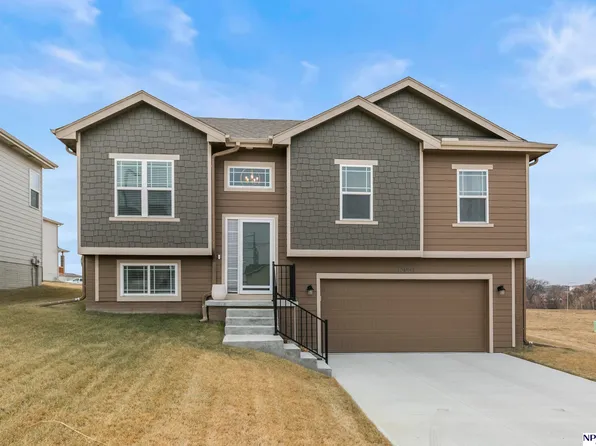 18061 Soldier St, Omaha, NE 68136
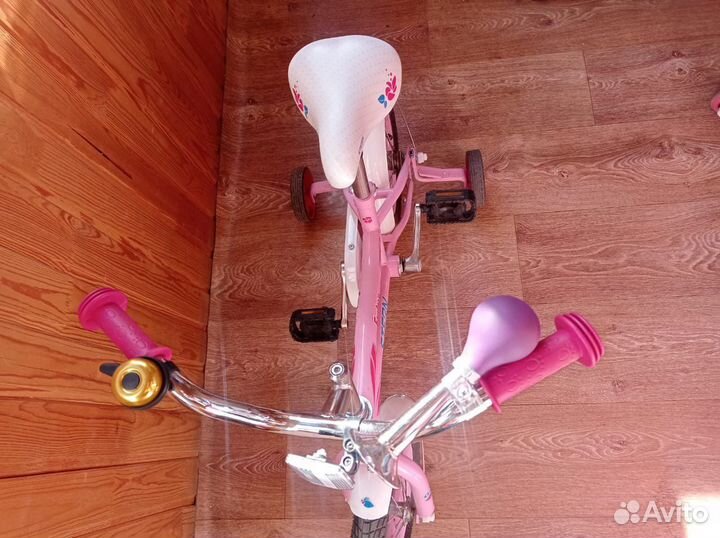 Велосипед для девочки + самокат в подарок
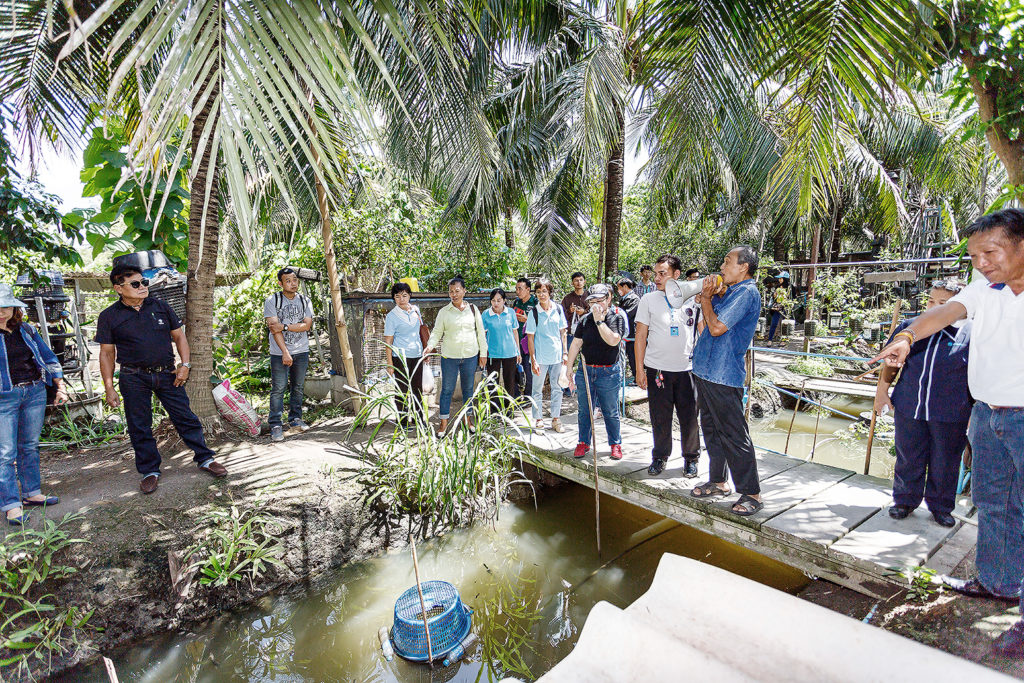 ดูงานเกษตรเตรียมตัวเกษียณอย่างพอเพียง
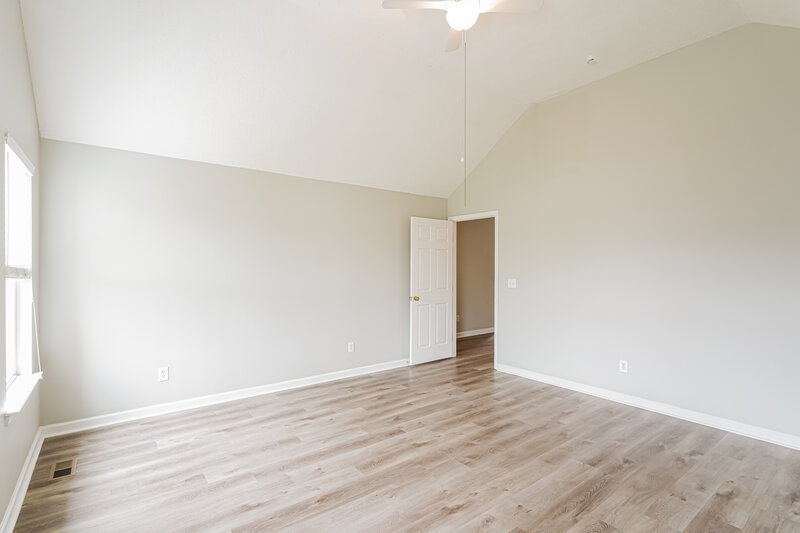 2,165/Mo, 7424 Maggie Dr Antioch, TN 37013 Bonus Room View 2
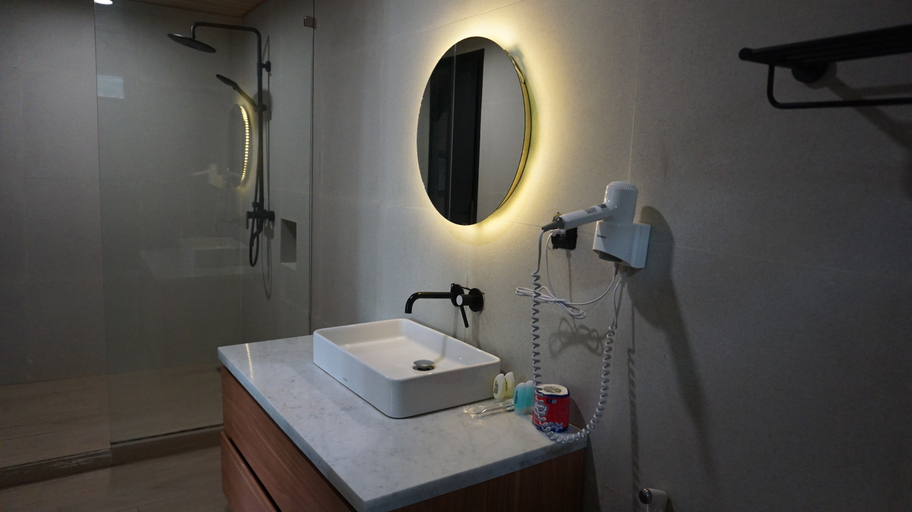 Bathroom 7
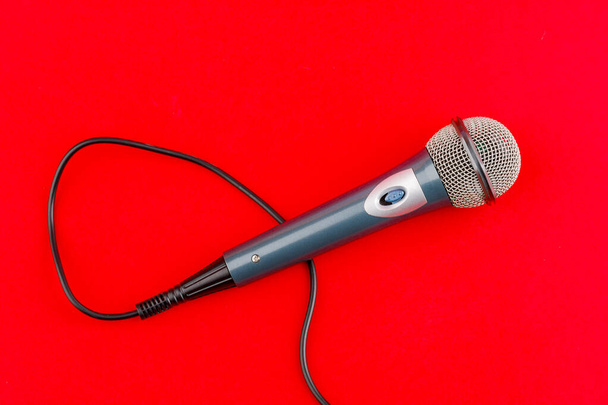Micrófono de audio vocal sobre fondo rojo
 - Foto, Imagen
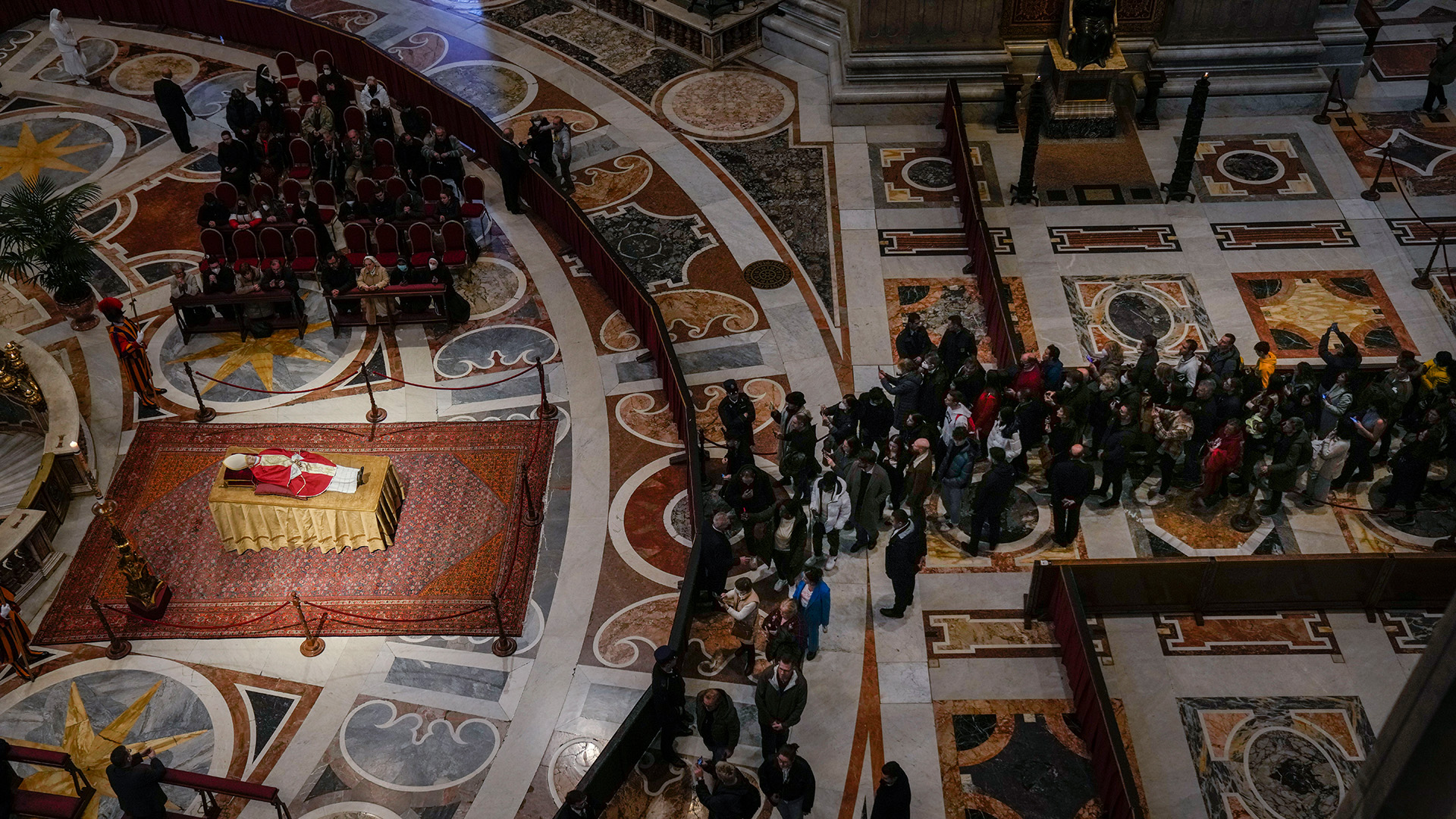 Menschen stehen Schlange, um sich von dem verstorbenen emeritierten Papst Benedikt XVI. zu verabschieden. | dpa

* * *

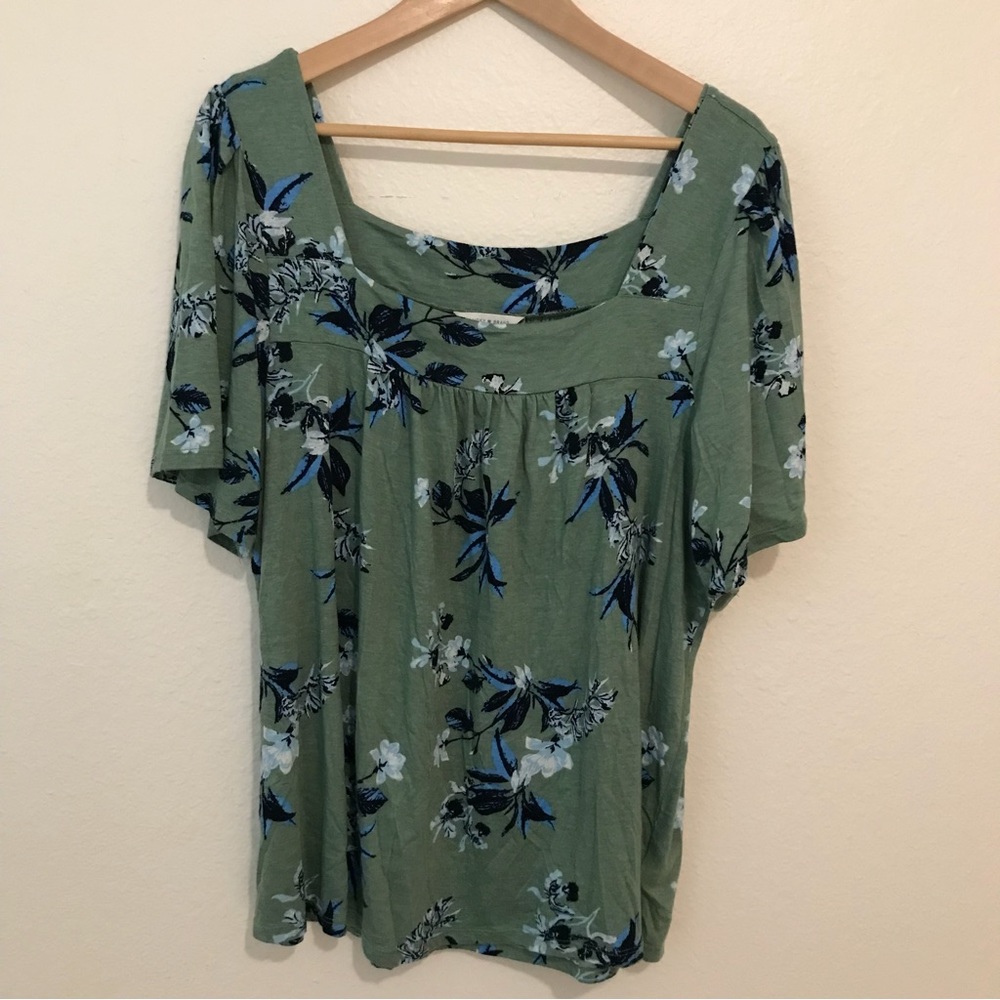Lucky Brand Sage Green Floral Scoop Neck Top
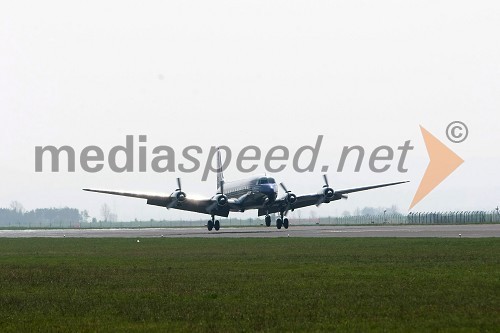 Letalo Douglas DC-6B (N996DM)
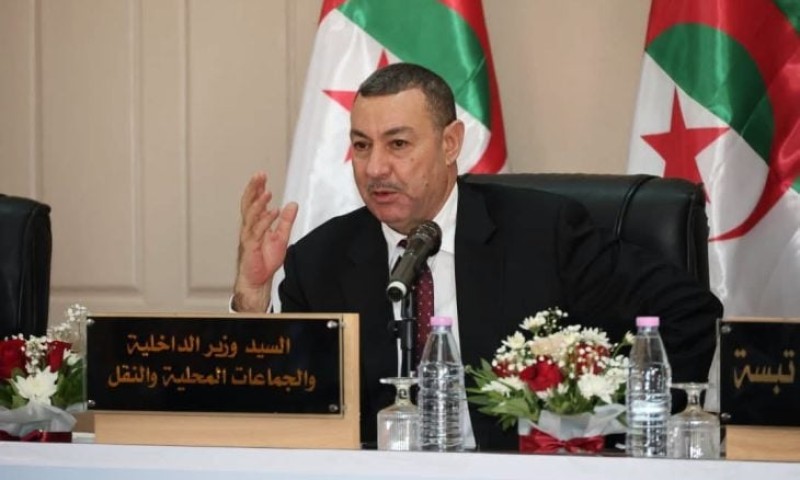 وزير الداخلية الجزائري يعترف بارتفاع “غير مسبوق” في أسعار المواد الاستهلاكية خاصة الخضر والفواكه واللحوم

* How to complete this task
Each line between the one holding "18061 Soldier St, Omaha, NE 68136" and the one holding "Menschen stehen Schlange, um", inclusive, should be copied exactly as it appears above, and pictures should be omitted.

* Output for this task
 18061 Soldier St, Omaha, NE 68136
 Велосипед для девочки + самокат в подарок
 ดูงานเกษตรเตรียมตัวเกษียณอย่างพอเพียง
 2,165/Mo, 7424 Maggie Dr Antioch, TN 37013 Bonus Room View 2
 Bathroom 7
Micrófono de audio vocal sobre fondo rojo
 - Foto, Imagen
 Menschen stehen Schlange, um sich von dem verstorbenen emeritierten Papst Benedikt XVI. zu verabschieden. | dpa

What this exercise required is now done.